To achieve great heights in a large company, institution, government agency, or elected office usually means that the individual in question has figured out how to get along with most people, effect compromise wherever possible, brownnose when he has to, and take few chances, to avoid making a mistake. More than that, he has determined how to receive credit for the good things he has not done, and how to avoid blame for the bad things he has done.
As you can see, nothing in the preceding paragraph denotes any sort of true leadership quality.
If self-promotion is vitally important to this type of faux leader, it is probably also important to some extent for a true leader—the difference being that in the case of the latter, he would actually have some real accomplishments to tout.
While examples of miserable faux leadership abound in the private sector, let us confine ourselves to elected officials in this essay.
What if you, as a successful person, wanted to run for Congress. Let’s even assume that you are in a district (such as the one where I reside) that has a long-term scandalously incompetent incumbent.
If you were to approach the local party management, they would first tell you that your cause is lost. The district has been gerrymandered to assure constant victories by the other side. Ironically, a true leader would then simply reply with something like, “Then why are you here?” This, of course, would end the discussion.
Perhaps, you could keep your mouth shut (already giving in) and describe your ideas for a unique campaign to unseat the useless incumbent. You might explain that conventional approaches are never going to work in this district. Indeed, the only way to change voter’s minds is to gently attack them:
Why do you keep reelecting Mr. X., who has done these lousy things over the past many years? What is wrong with you?
Logically, this would seem to be a sound strategy. Clearly, “positive” approaches have not worked. And, we all know that one definition of insanity is to keep repeating acts that do not bring about the desired results.

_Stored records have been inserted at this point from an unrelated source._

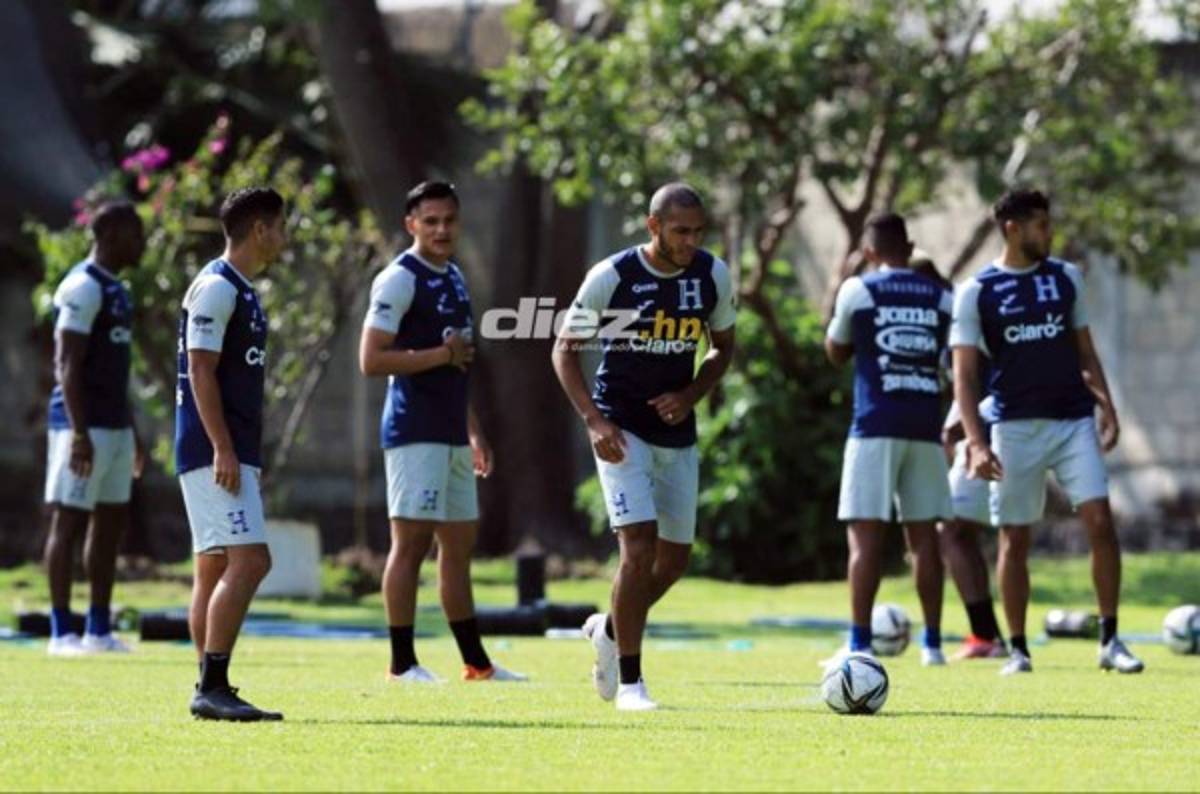 ¡Busitos y escondieron el 11! Las fotos del último entreno de Honduras antes de enfrentar a México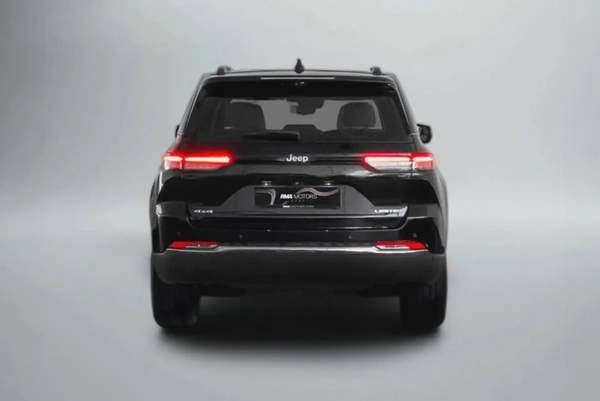 2,853 AED / 60 months | 0% DP | 2023 Jeep Grand Cherokee Limited + / Jeep Warranty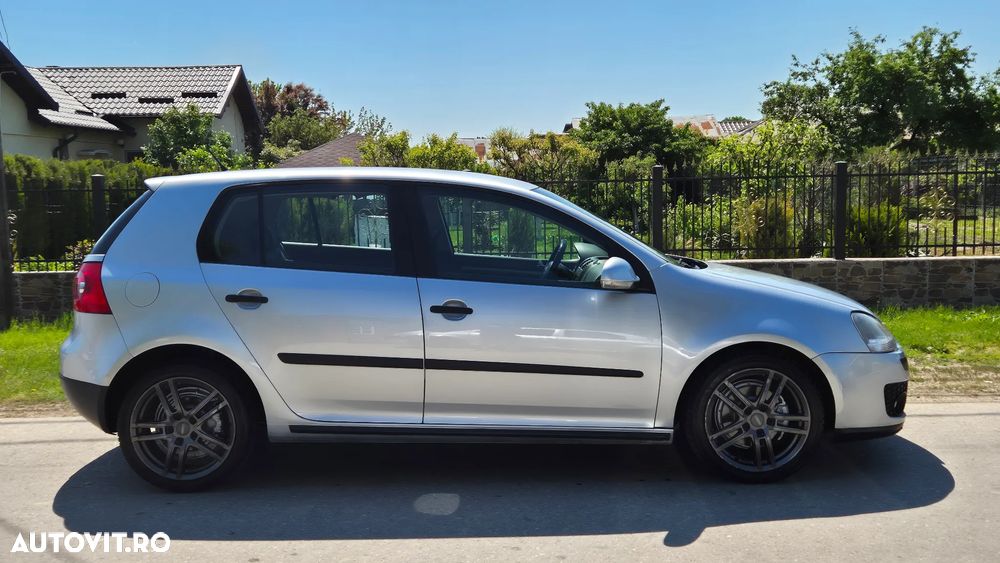Volkswagen Golf 1.9TDI Highline - 12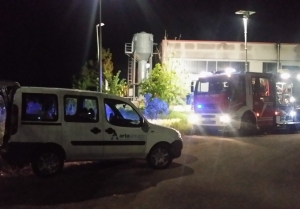 Brucia fabbrica di souvenir religiosi a Colledara (TE)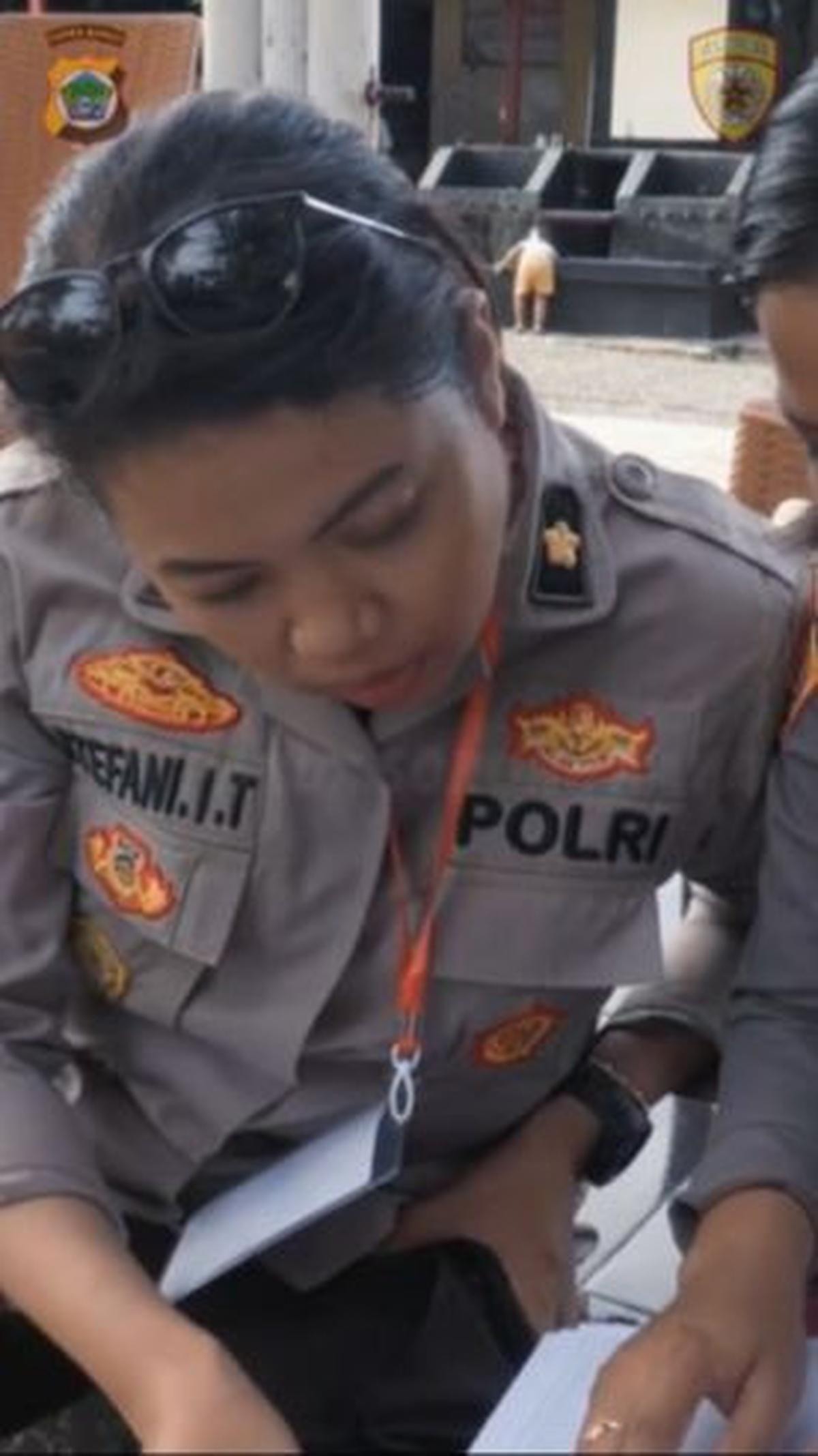 "Pulang belajar, jangan lupa berdoa supaya bisa menggapai cita-cita menjadi anggota polisi," lanjut polwan ini. <br>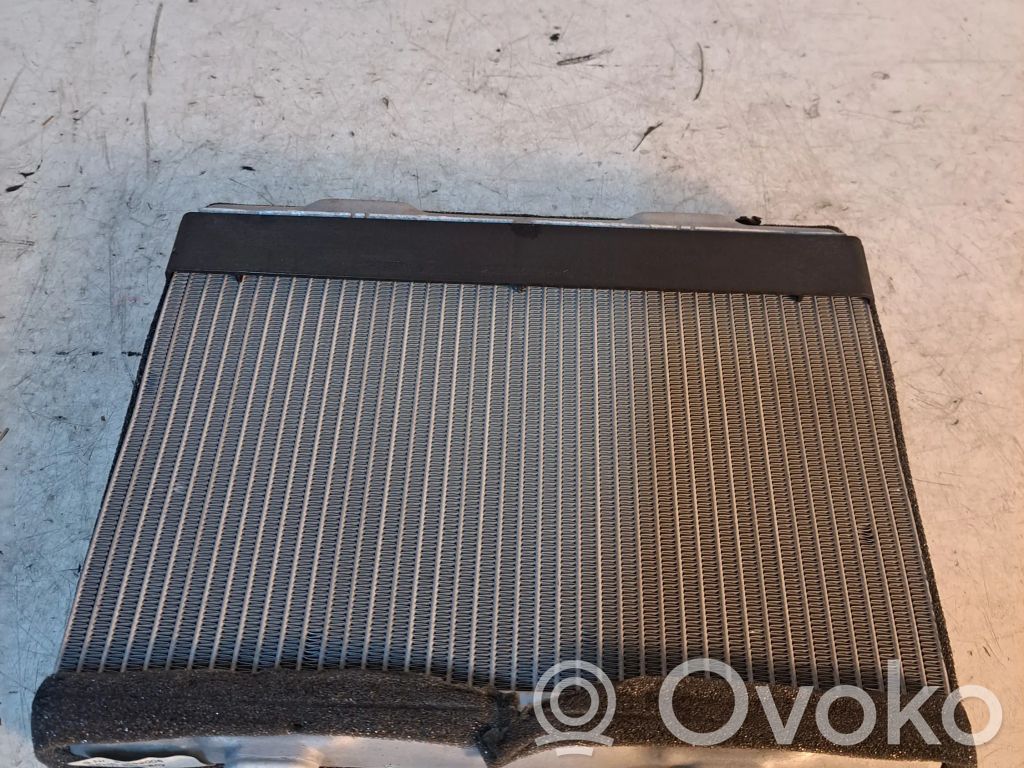BMW 7 E65 E66 Радиатор печки 
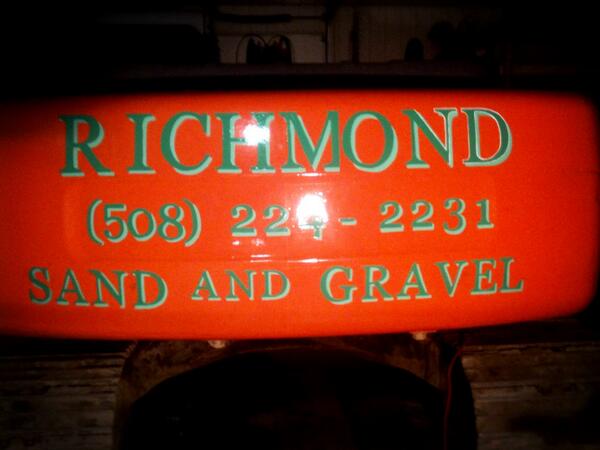 JMKustoms's tweet photo. #handpainted #1shot #oldskool #lettering .  Hitachi Excavator http://t.co/cBToaOHaGc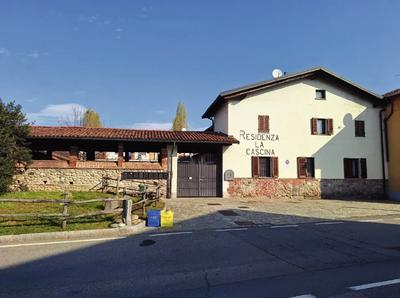 Rif. 17 - Appartamento al piano terreno così composto: accesso da area ad uso esclusivo, ingresso su soggiorno e cucina, disimpegno, due camere da letto e bagno. Oltre cantina. Rif. 18 - Box singolo.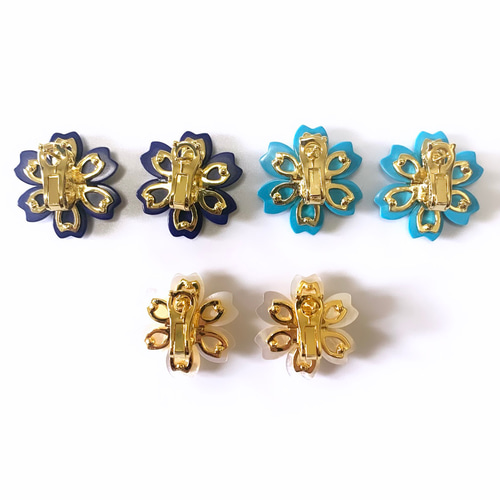 クローバー　フラワー　ピアス Creema限定 高品質 幸せのフラワー クローバー ピアス ピアス（その他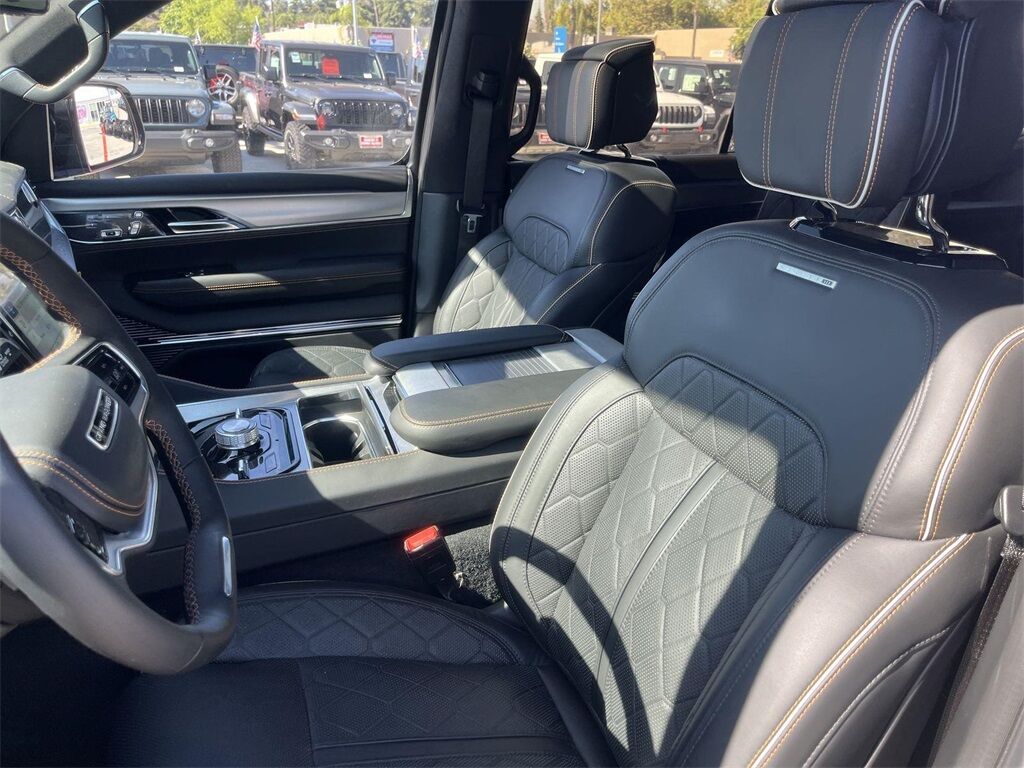 2023 Jeep Grand Wagoneer Series III Quincy MA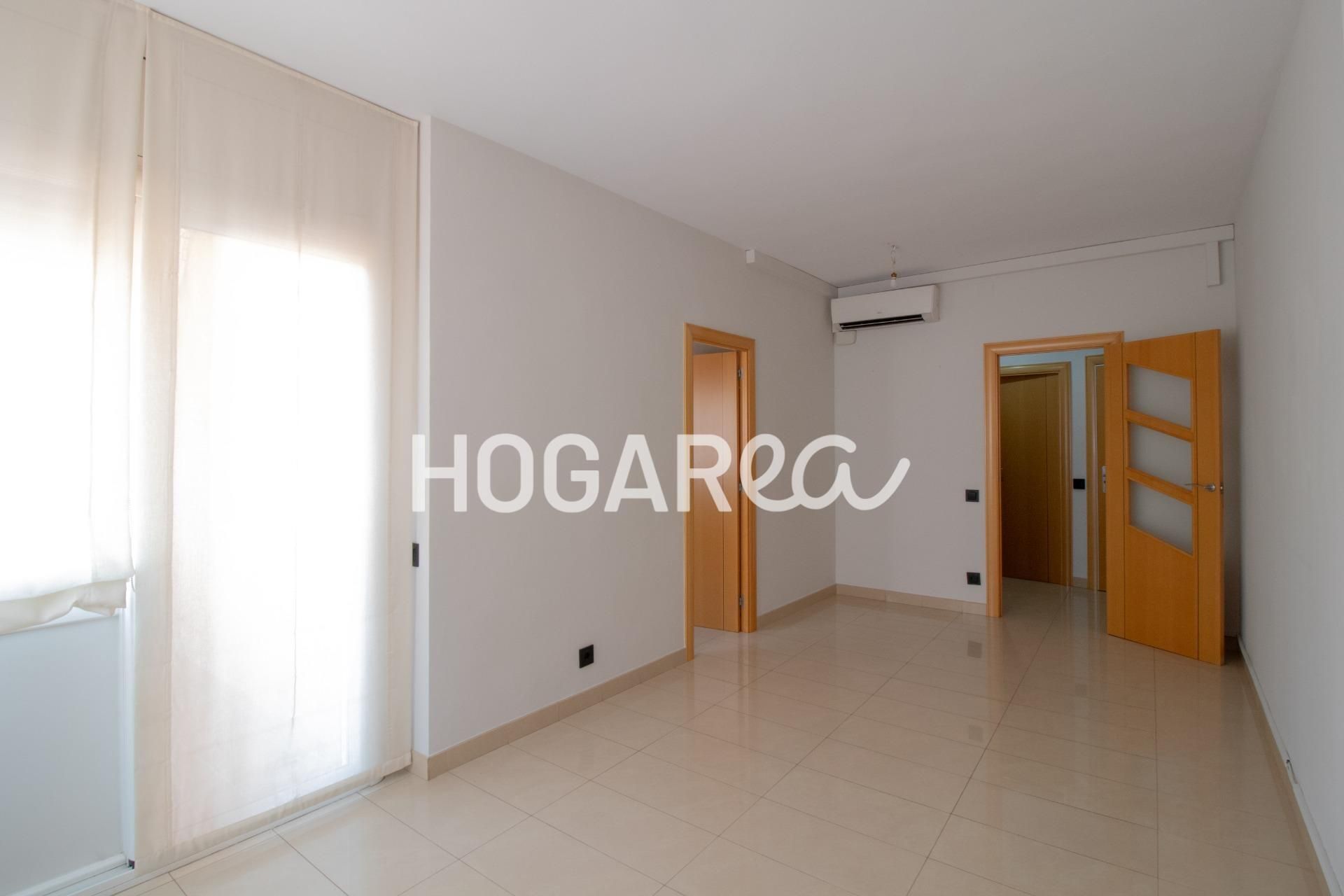Bedroom of Flat for sale in L'Hospitalet de Llobregat  with Terrace and Balcony
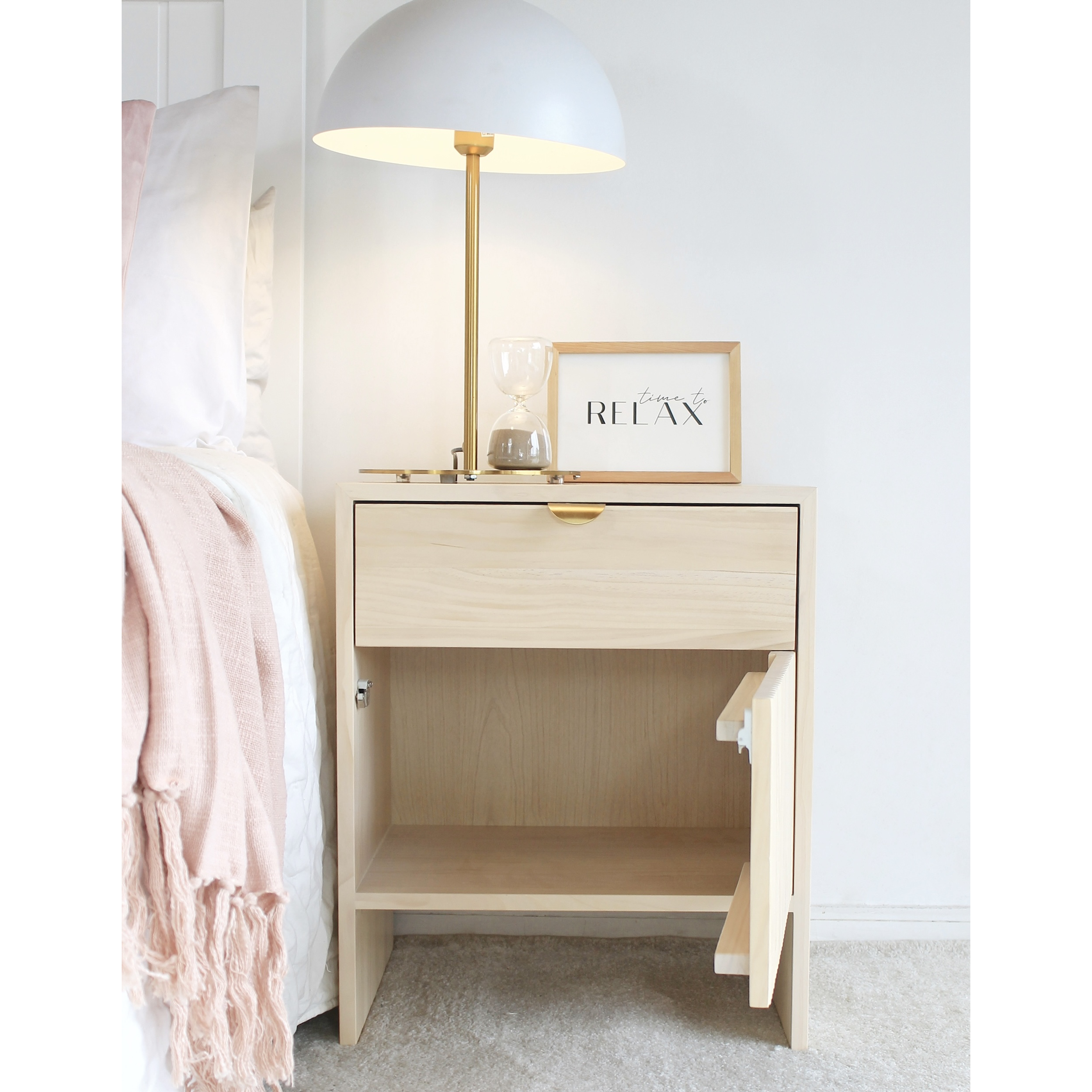 Velador de madera / Modelo Quinn blanqueado  7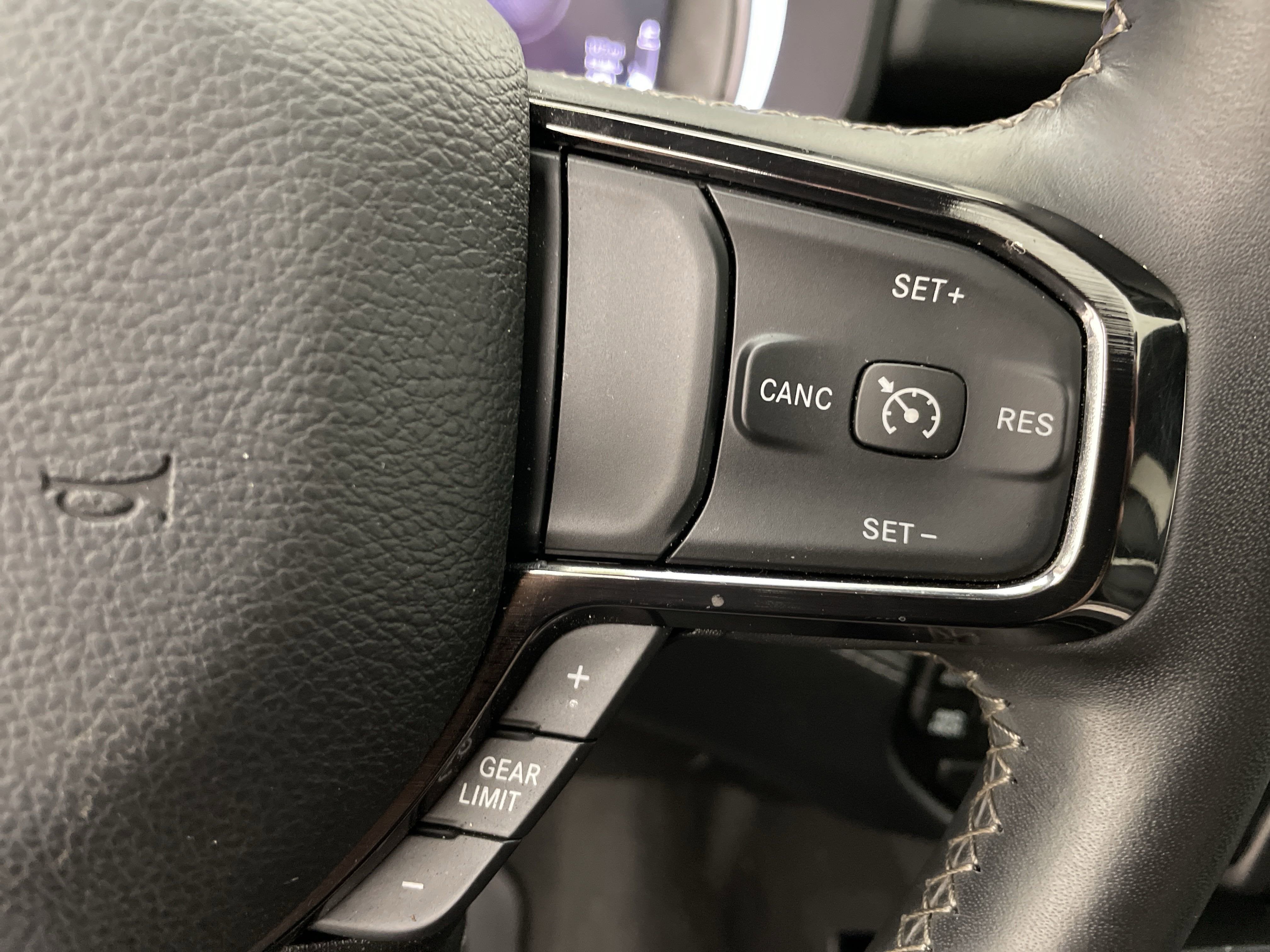 2024 RAM 1500 Limited Crew Cab 4x4 5'7' Box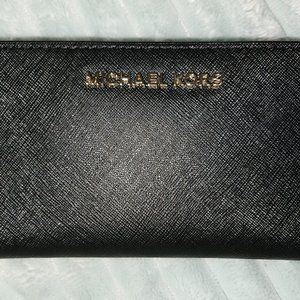 Michael Kors Womens Slim Bifold Wallet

However, you would be rebuffed at once. Indeed, I had a discussion with a former (conservative) senator along these lines, who implied that to play the Dutch uncle role would create nothing but bad press. I guess my attitude shone through when I replied, questioning why anyone should care what these predominantly left-leaning sycophants and sheep think—presuming that they even think at all.
The good senator did not realize that I was not trying to be provocative. Rather, I was trying to articulate the beginning of a new strategy that just might tip the balance in our favor. And then, it dawned on me: To maintain the same losing strategy revealed more than just a lack of innovation. It betrayed that much of what goes on in politics and government is a game.
The prize in the game is power, and power is increased only by creating more ways to spend your money. This is all exacerbated by having longer and longer term incumbents who become more isolated from the realities of your lives. Evidently, the balance of power is largely predetermined by feckless compromise.
The only course that would even approach a solution is term limits, but I wouldn’t hold my breath. Still, that would be an inspirational constitutional amendment, wouldn’t it?